Crawled caption data
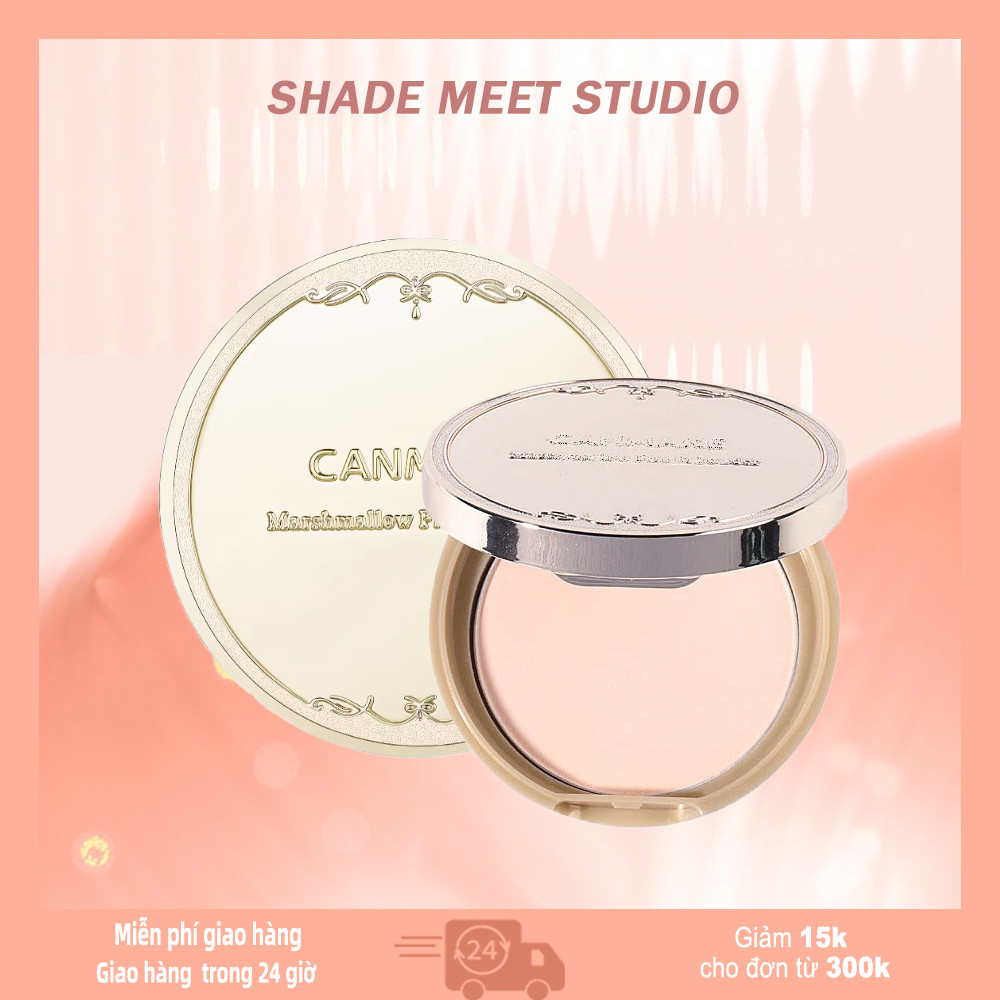 Phấn Nén Canmake - Tạo Lớp Nền Mịn Màng, Kiểm Soát Dầu và Bền Màu Suốt Ngày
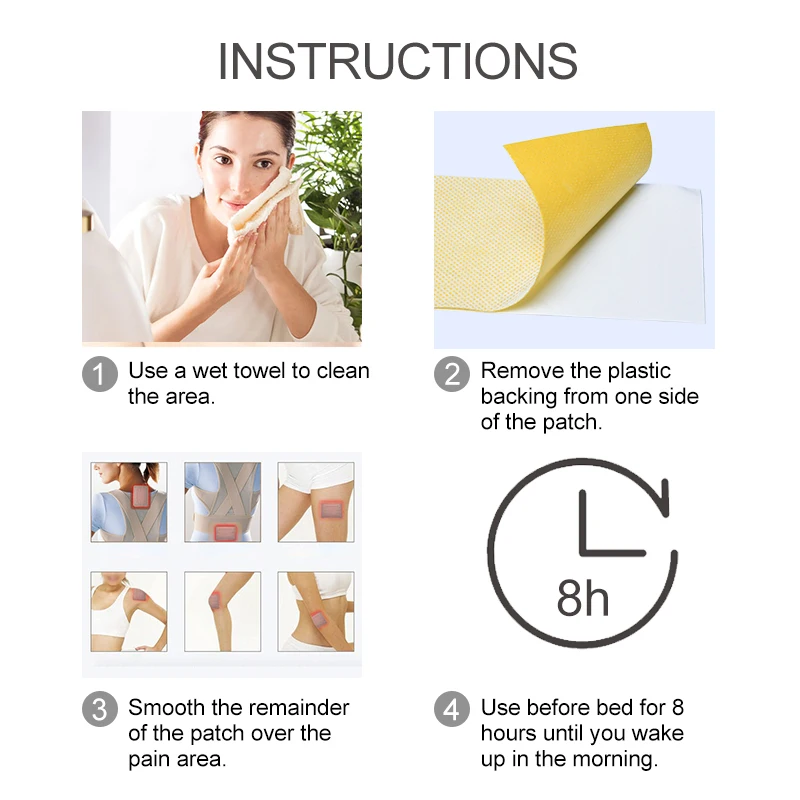 Sumifun 8pcs Scorpion Venom Medical Plaster Joint Aches Pain Patch  Rheumatoid Arthritis Herbal Balm Sticker Health Care C1717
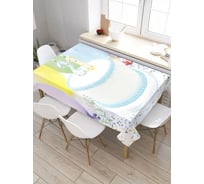 Прямоугольная скатерть из сатена JoyArty Торт 21-летие tc_33157_120x145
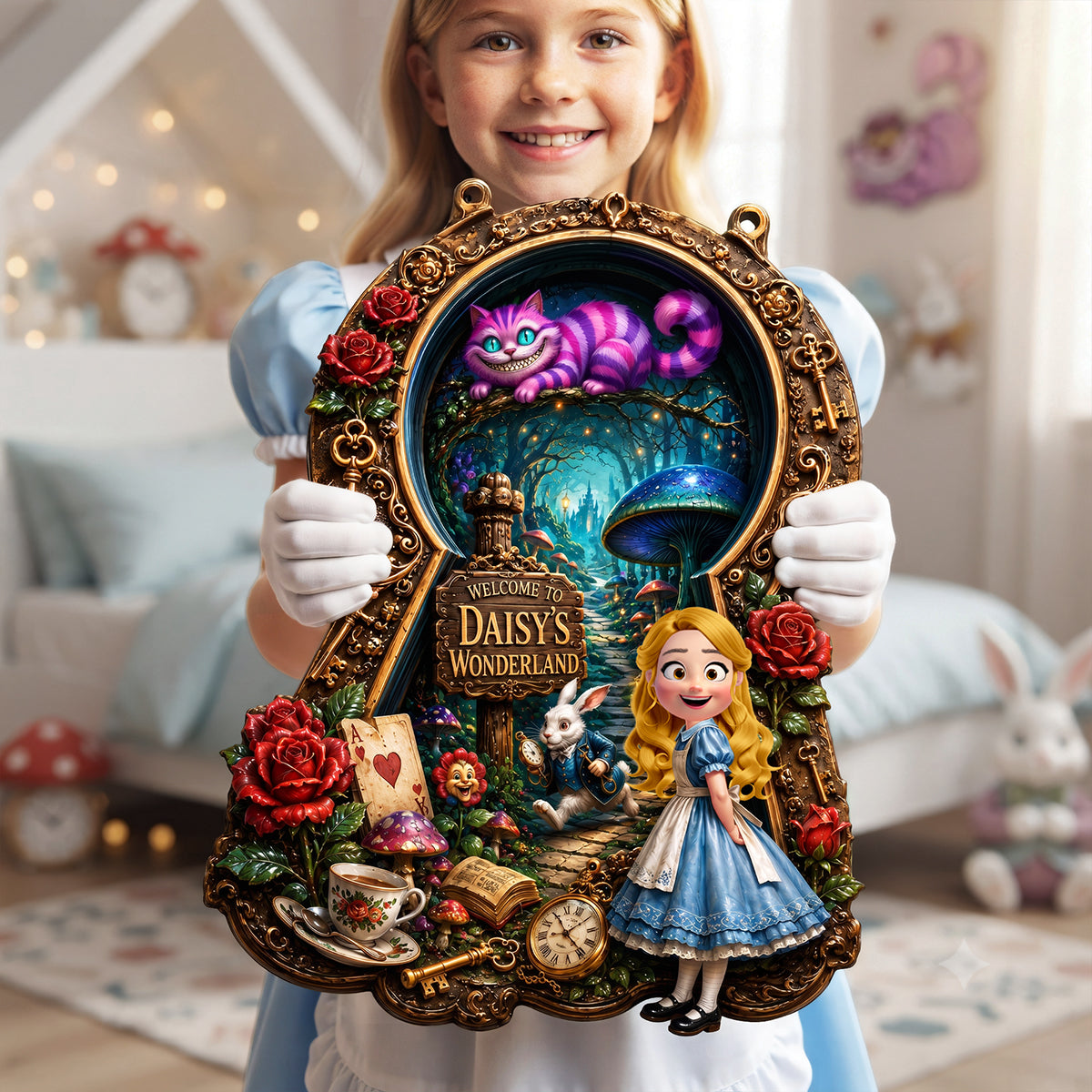 "Unlock the Magic of Imagination!" - Fantastical Journey Acrylic Sign - Personalized Gift for Kids, Dreamers, and Fairy Tale Lovers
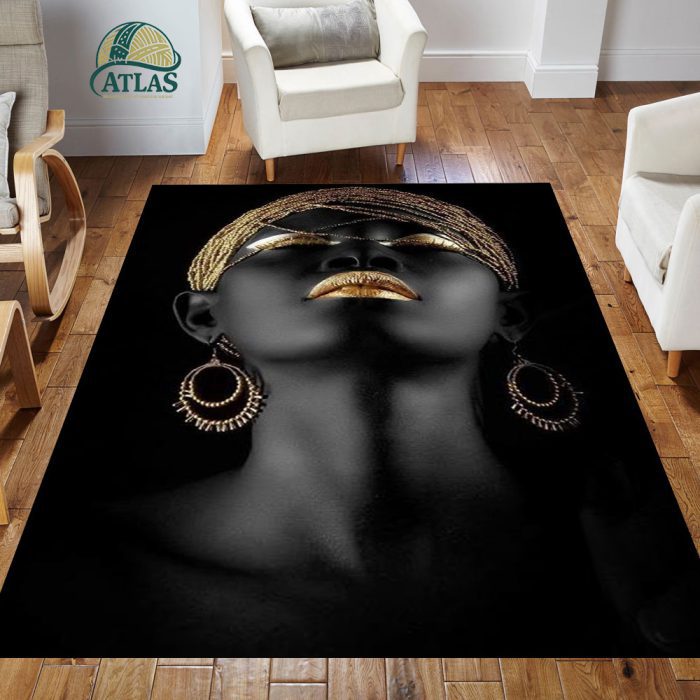 فرشینه مخمل طرح چهره کد 55005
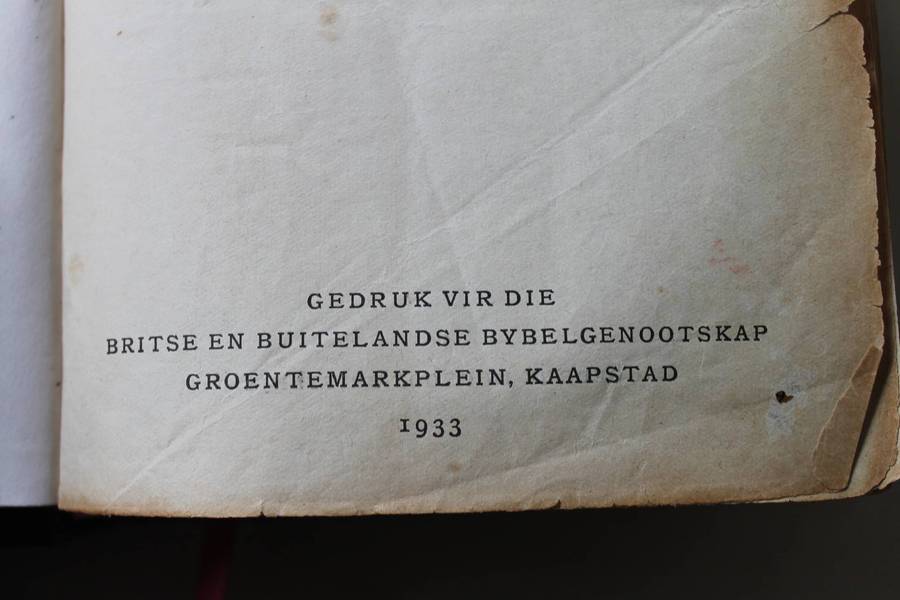1933 AFRIKAANSE BYBEL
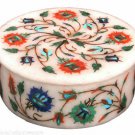 4"x4"x2" Marble Jewellery Box Malachite Collectible Art Marquetry Ramzan Special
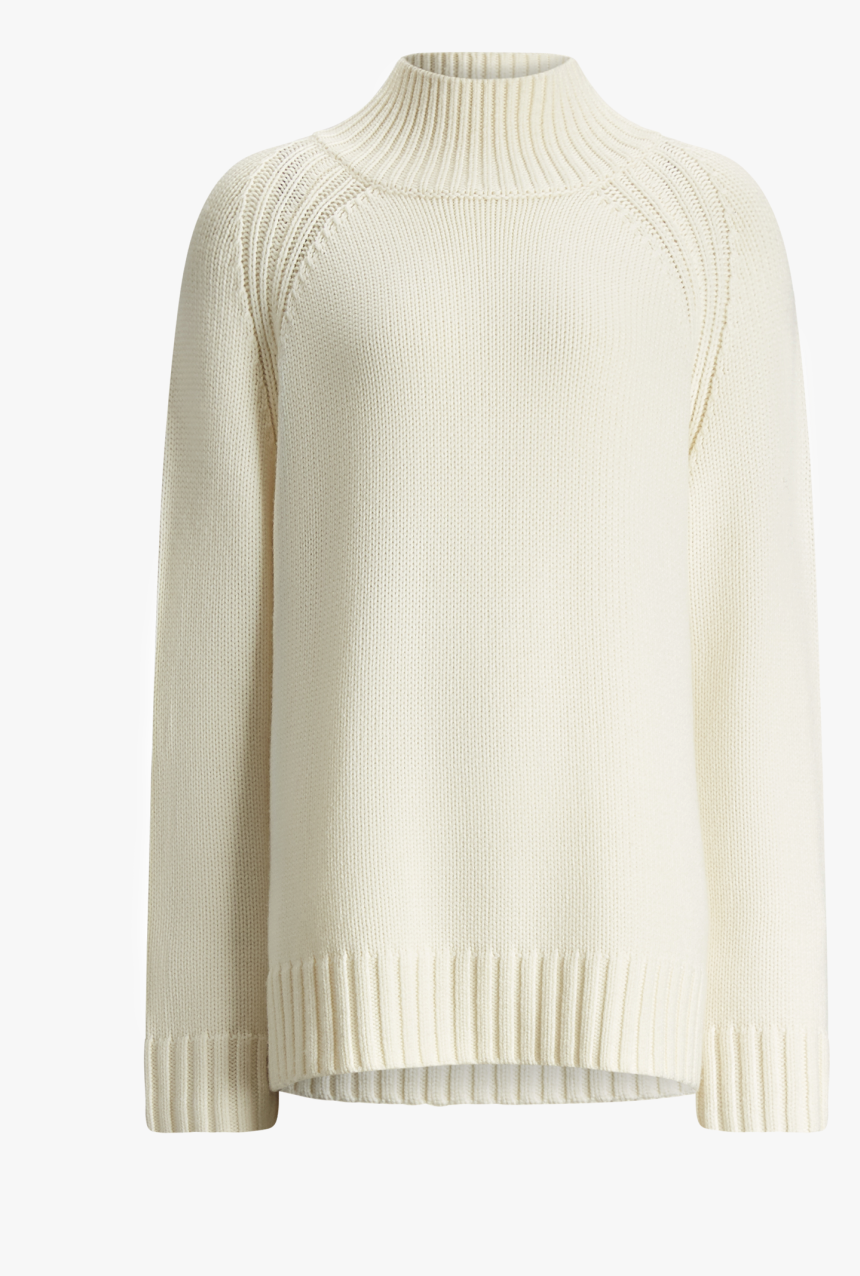 Joseph, New High Neck Sloppy Joe Knit, In Cream - Sweater, HD Png ...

## REQUIRED WORK
A word-for-word copy of the records above is needed, pictures excluded.

## EXERCISE ANSWER
 Phấn Nén Canmake - Tạo Lớp Nền Mịn Màng, Kiểm Soát Dầu và Bền Màu Suốt Ngày
 Sumifun 8pcs Scorpion Venom Medical Plaster Joint Aches Pain Patch  Rheumatoid Arthritis Herbal Balm Sticker Health Care C1717
 Прямоугольная скатерть из сатена JoyArty Торт 21-летие tc_33157_120x145
 "Unlock the Magic of Imagination!" - Fantastical Journey Acrylic Sign - Personalized Gift for Kids, Dreamers, and Fairy Tale Lovers
 فرشینه مخمل طرح چهره کد 55005
1933 AFRIKAANSE BYBEL
 4"x4"x2" Marble Jewellery Box Malachite Collectible Art Marquetry Ramzan Special
 Joseph, New High Neck Sloppy Joe Knit, In Cream - Sweater, HD Png ...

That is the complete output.